Schematic illustration of the FXS approach. X-ray scattering from a large number M of realizations of a disordered system composed of reproducible particles is measured with an XFEL. The cross-correlation functions are averaged over M x-ray scattering snapshots and reduced to a much compact set of rotational invariants. Model-assisted analysis or iterative phasing is used to determine the three-dimensional single-particle structure. (Image copyright: Tim Berberich/ European XFEL)

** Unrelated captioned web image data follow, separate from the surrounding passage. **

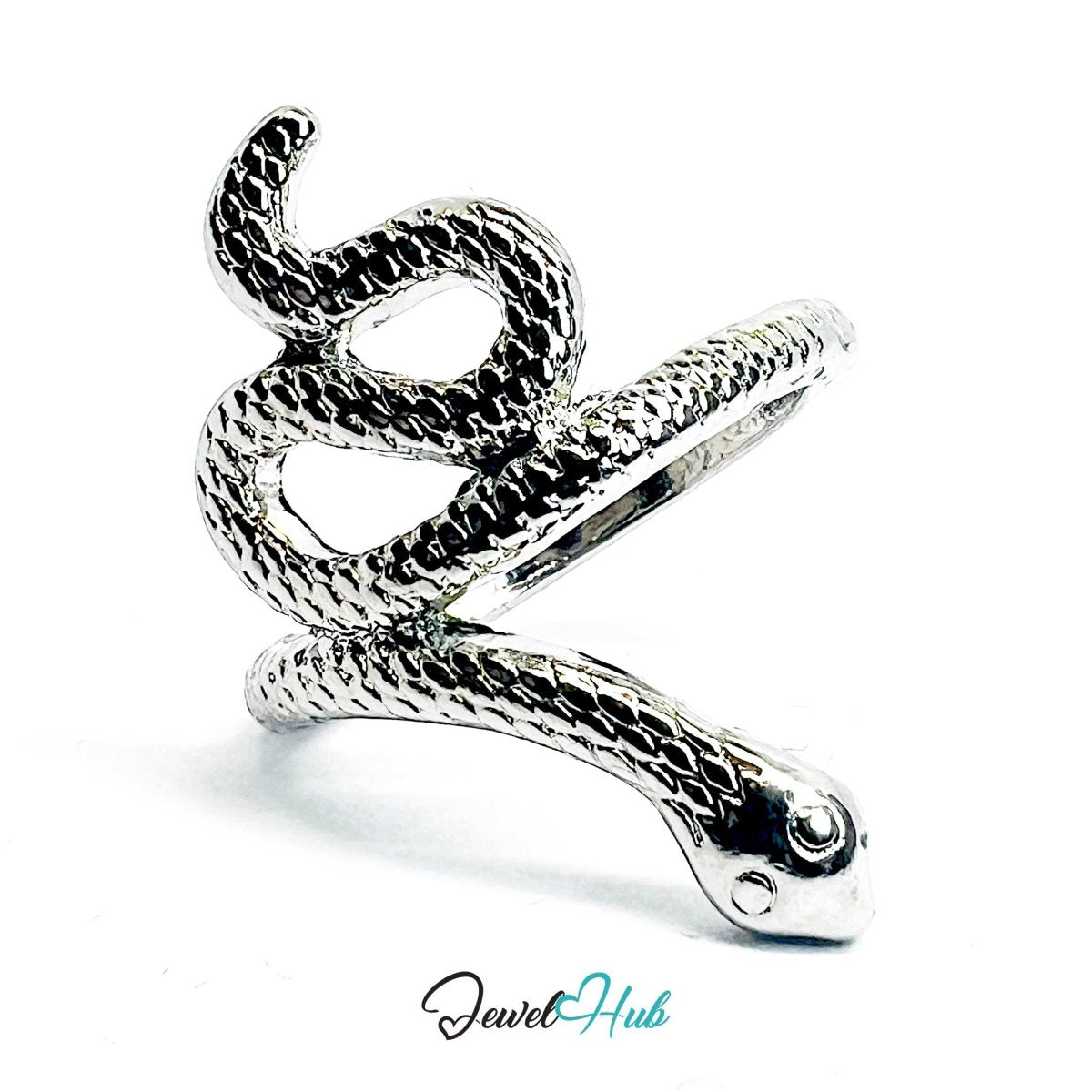 Serpent Coil Ring | Silver‑Tone Zinc Alloy Snake Band - JewelHub.co.uk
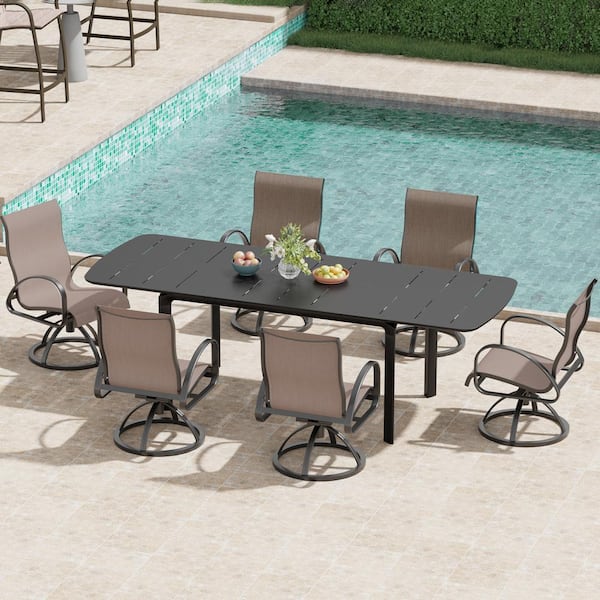 Pellebant Black Swivel Aluminum Sunbrella Textilene Mesh Fabric Outdoor Dining Chair in Augustine Ashe (Set of 6)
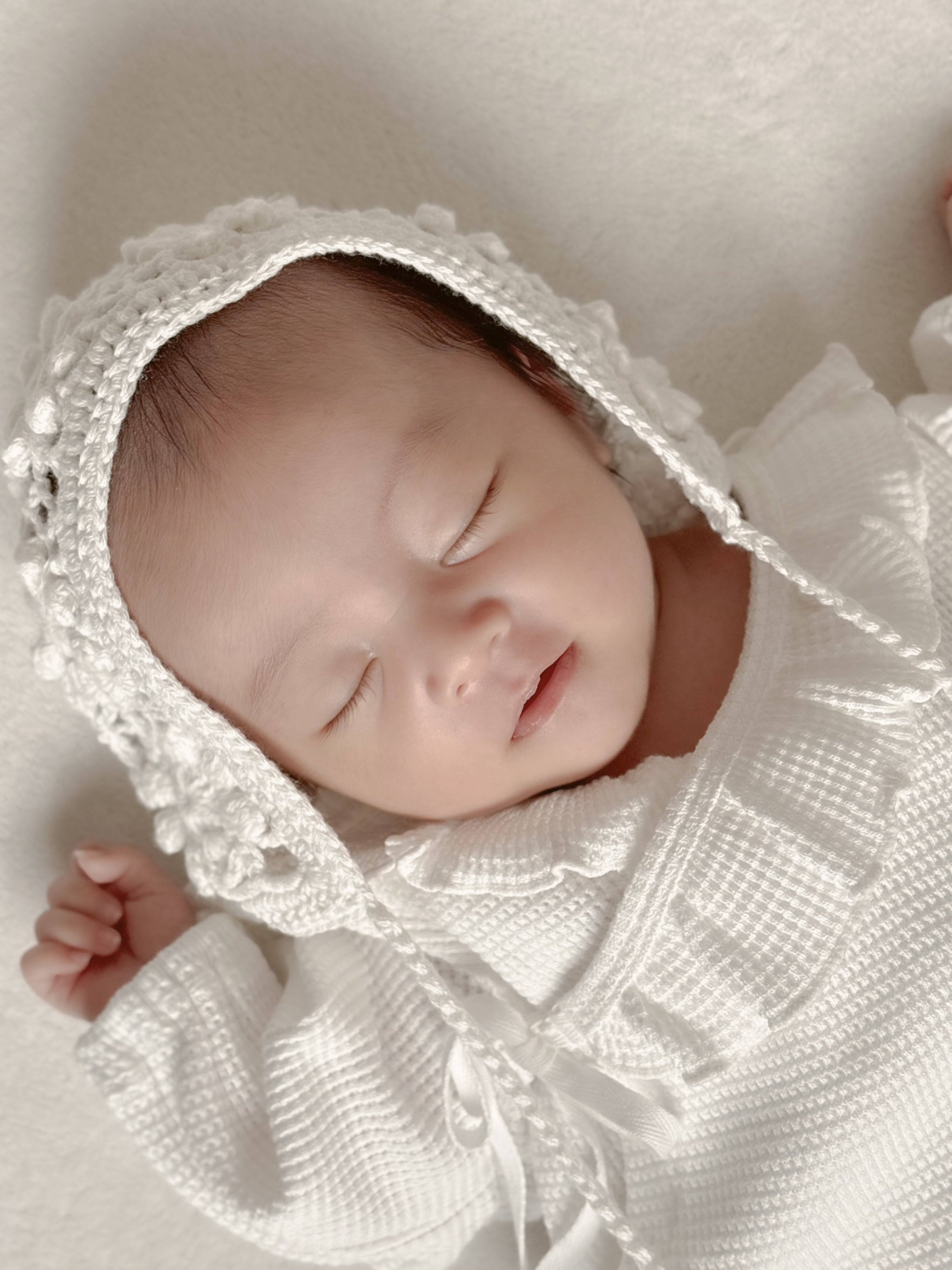 Waffle frill wrap newborn rompers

Ultrafast Structural Dynamics of Photoreactions

Hard X-ray FELs producing very intense and short X-ray pulses offer unique possibilities for high-resolution structural dynamics studies of molecular solutions on the pico- and femtosecond time scales. This makes it possible to track chemical reactions in real time, and investigate various effects influencing the rate and efficiency of chemical reactions in great detail. An established approach of ultrafast X-ray diffuse scattering (XDS) allows one to directly probe ultrafast dynamics of molecular systems in solution and observe intra-molecular changes, as well as solvation effects. At the same time, the standard XDS method is typically limited to the analysis of one-dimensional difference intensity profiles, thus being sensitive to the changes in the distribution of atomic distances between pairs of atoms. The Theory Group develops the time-resolved X-ray Cross-Correlation Analysis (XCCA) approach, which is also sensitive to higher-order structural correlations hidden in the measured X-ray scattering patterns. This allows to increase the information content of the time-resolved solution scattering experiments, going beyond the standard XDS analysis. We apply XCCA to study the details of ultrafast photoinduced electronic transitions and structural rearrangements in the transition metal complexes measured with an XFEL.

Experimental (left) and simulated (right) correlation maps determined for a model photocatalyst (Image copyright: Ruslan Kurta/European XFEL)

Field-Induced Lifshitz Transitions

Under perturbations the band structure of solid state material can change, and as a result a change in the Fermi surface occurs. Such an electronic topological transition is called Lifshitz transition. The Lifshitz transition can be also induced by many other ways, such as doping, external pressure or external magnetic field, and has been experimentally observed in many real systems, such as heavy-fermion systems, iron-based superconductors, cuprate high-temperature superconductors. In our work we investigate the time-dependent light-induced engineering of the Fermi surface for materials with strong electronic correlations. Application of a high-frequency external electric field to such materials leads to a change in the band structure and momentum distribution without significant transfer of particles above the Fermi level. This electronic topological modification leads to the field-induced Lifshitz transition. We address a nonequilibrium-induced Lifshitz transition caused by the applied external electric field in case of one-band Hubbard model on a two-dimensional square lattice, which could be used as a realistic model of high-temperature superconducting materials.

Fermi surface for Y-pulse polarization: (a) equilibrium; (b) A_max = 1.75 in the middle of the pulse; (c) A_max = 1.75 after the pulse; (d) A_max = 3.0 in the middle of the pulse. (Image copyright: Viktor Valmispild / University of Hamburg)

Spin States of Transition Metal Compounds

The X-ray absorption spectroscopy (XAS) is a universal tool that gives access to the electronic structure of strongly correlated materials, in particular of transition metal (TM) compounds. Thanks to the rich multiplet structure of TM atoms and the structure's interplay with the crystal field splitting, these compounds can exhibit ground states of various spin and orbital symmetries, as well as phase transitions between them. In order to theoretically study these states, we apply a combination of the first-principle band structure calculations (density functional theory, DFT) with exact diagonalization of finite clusters. The clusters comprise a correlated d-shell of the transition metal, a core p-shell that is being excited in an X-ray absorption process, and a number of effective bath orbitals. The energy levels and hybridization parameters of the bath orbitals are extracted from the DFT results. The resulting XAS spectra fitted to the FEL experimental data allow adjustment of the atomic interaction parameters of the TM and to identify the true spin state of the material.

Left: Unit cell of LaCoO₃ used in a DFT calculation. Right: Theoretical XAS spectrum of LaCoO₃ obtained from a DFT+cluster calculation and compared to the experimentally measured spectra. (Image copyright: Igor Krivenko / University of Hamburg)